REPUBLIKA.CO.ID, JAKARTA -- Kasus pemerkosaan mahasiswi Universitas Gadjah Mada (UGM) tengah menjadi polemik di masyarakat. Kepolisian yang mengatasi kasus ini pun mengungkap sulitnya menangani kasus pemerkosaan.
"Kasus pemerkosaan ini jarang sekali ada saksi, itu pertama. Kalau kasusnya sudah agak lama, alat buktinya juga susah untuk didapatkan," ujar Kepala Divisi Hubungan Masyarakat Polri Inspektur Jenderal Polisi Setyo Wasisto di Markas Besar Polri, Jakarta, Selasa (13/11).

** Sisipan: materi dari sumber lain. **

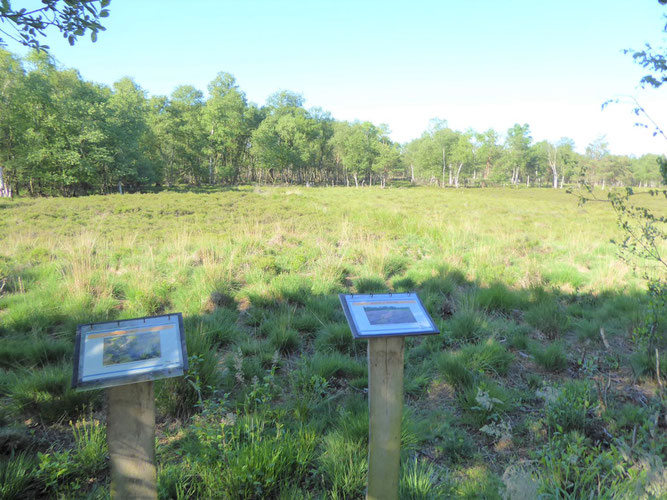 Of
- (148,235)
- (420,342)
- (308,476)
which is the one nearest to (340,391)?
(308,476)

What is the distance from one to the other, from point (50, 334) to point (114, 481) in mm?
3318

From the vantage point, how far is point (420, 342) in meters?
4.49

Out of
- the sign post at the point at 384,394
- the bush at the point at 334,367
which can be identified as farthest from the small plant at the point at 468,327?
the sign post at the point at 384,394

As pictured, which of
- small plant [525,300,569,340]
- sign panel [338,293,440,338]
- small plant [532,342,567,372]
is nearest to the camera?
sign panel [338,293,440,338]

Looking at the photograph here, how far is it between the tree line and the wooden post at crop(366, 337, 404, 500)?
3.09 meters

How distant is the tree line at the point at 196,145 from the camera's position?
88.2 ft

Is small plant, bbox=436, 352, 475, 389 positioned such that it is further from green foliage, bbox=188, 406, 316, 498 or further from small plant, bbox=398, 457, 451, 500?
green foliage, bbox=188, 406, 316, 498

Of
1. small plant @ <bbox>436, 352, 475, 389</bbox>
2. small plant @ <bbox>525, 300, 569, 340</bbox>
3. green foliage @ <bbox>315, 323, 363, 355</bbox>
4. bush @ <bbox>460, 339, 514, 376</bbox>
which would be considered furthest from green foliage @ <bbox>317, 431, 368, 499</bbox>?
small plant @ <bbox>525, 300, 569, 340</bbox>

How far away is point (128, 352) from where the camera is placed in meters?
1.79

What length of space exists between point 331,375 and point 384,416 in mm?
1726

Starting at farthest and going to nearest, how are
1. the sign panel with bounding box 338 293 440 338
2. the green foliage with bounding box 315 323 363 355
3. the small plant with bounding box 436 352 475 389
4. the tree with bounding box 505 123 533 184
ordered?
the tree with bounding box 505 123 533 184
the green foliage with bounding box 315 323 363 355
the small plant with bounding box 436 352 475 389
the sign panel with bounding box 338 293 440 338

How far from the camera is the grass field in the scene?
2.29 meters

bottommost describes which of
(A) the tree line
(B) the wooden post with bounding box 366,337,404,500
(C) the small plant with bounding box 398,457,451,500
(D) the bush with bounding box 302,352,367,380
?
(C) the small plant with bounding box 398,457,451,500

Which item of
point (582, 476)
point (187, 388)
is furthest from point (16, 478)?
point (582, 476) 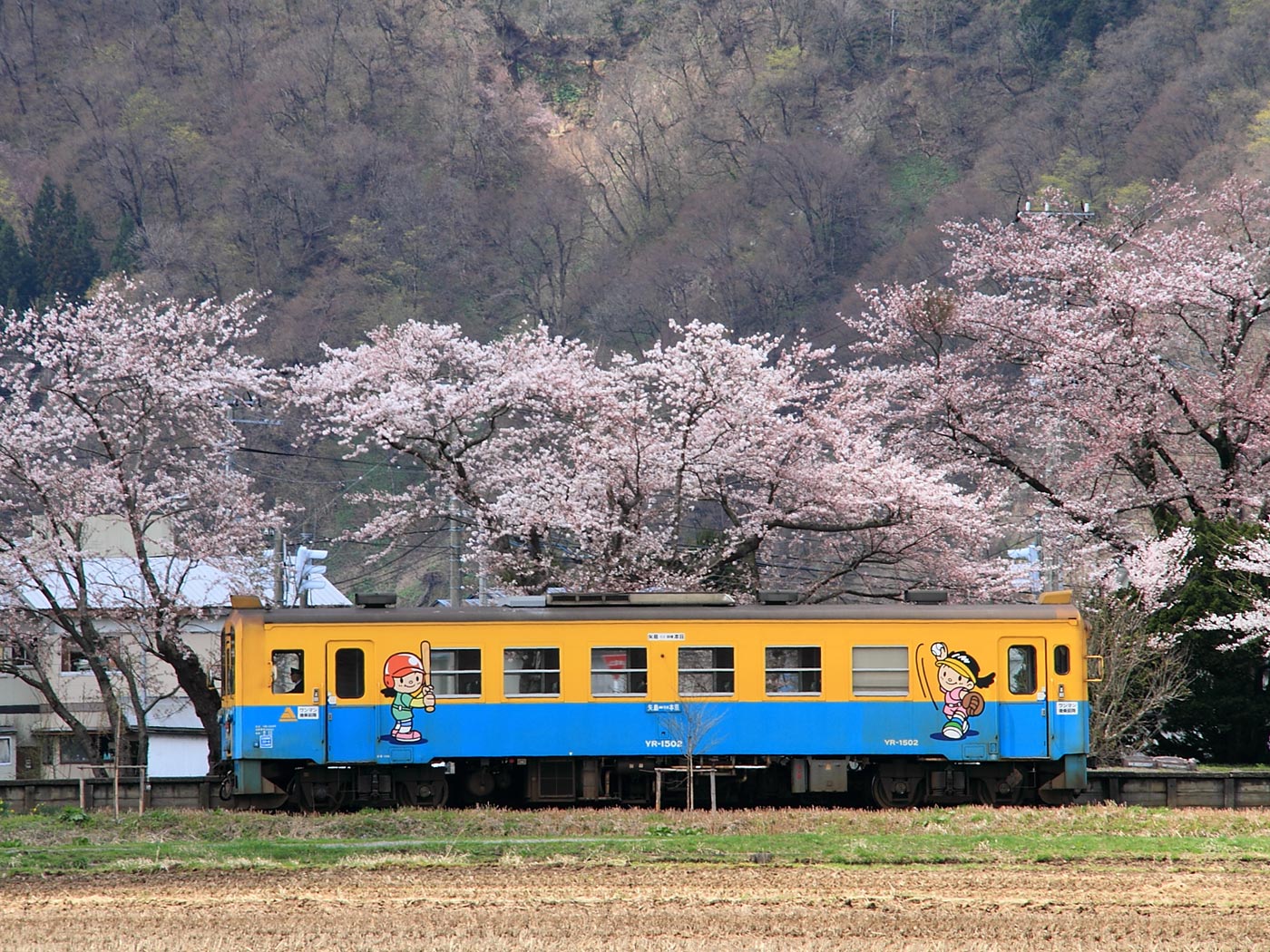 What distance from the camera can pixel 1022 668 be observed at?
68.9 feet

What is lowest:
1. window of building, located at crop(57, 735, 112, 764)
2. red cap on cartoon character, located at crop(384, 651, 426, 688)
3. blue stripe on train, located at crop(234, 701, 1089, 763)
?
window of building, located at crop(57, 735, 112, 764)

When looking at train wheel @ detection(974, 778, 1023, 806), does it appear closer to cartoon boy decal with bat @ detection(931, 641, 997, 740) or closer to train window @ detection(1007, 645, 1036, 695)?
cartoon boy decal with bat @ detection(931, 641, 997, 740)

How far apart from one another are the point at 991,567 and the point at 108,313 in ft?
50.7

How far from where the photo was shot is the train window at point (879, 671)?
20.9 meters

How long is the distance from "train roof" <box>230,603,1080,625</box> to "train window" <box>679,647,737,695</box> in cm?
40

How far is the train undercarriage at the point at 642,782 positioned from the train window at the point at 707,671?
861 mm

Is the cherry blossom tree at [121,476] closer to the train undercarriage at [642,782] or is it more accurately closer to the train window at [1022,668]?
the train undercarriage at [642,782]

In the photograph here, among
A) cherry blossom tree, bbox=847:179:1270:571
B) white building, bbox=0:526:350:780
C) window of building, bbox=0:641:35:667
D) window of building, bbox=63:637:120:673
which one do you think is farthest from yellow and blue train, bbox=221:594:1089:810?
window of building, bbox=63:637:120:673

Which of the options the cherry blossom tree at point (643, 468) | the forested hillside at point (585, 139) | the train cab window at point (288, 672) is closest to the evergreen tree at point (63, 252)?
the forested hillside at point (585, 139)

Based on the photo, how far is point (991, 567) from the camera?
96.3ft

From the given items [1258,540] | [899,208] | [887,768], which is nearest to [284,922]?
[887,768]

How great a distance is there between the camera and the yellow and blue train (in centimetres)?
2088

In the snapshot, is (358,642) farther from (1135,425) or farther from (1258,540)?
(1135,425)

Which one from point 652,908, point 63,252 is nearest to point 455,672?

Adapun, jelas Setyo, yang merupakan alat bukti misalnya cairan tuhuh, luka-luka, maupun kerusakan barang atau pakaian. Oleh sebab itu, kecepatan olah tempat kejadian perkara (TKP) sangat diperlukan. Semakin cepat suatu kasus pemerkosaan dilaporkan, semakin cepat pula polisi mengusut kasus tersebut.
Kendati demikian, batas waktu pemerkosaan untuk diusut, menurut Setyo terbilang panjang. Meski sudah terjadi bertahun-tahun, kasus pemerkosaan masih tetap dapat diusut.
"Ada batas waktunya sejak kejadian sampai 12 tahun. Kalau dilaporkan 3-6 tahun masih boleh (diusut)," kata Setyo.
Terkait kasus pemerkosaan mahasiswi UGM ini, Setyo menyampaikan, Polri pun masih melakukan pemeriksaan terhadap sejumlah pihak. Setyo mengatakan, kepolisian bakal mengusut kasus ini hingga tuntas.
Kasus pemerkosaan ini diketahui saat lembaga pers UGM, Balairungpress mengungkapkan cerita mahasiswi bernama samaran Agni. Agni mengaku diperkosa oleh HS pada saat kegiatan Kuliah Kerja Nyata (KKN) di Pulau Seram, Desember 2017 silam.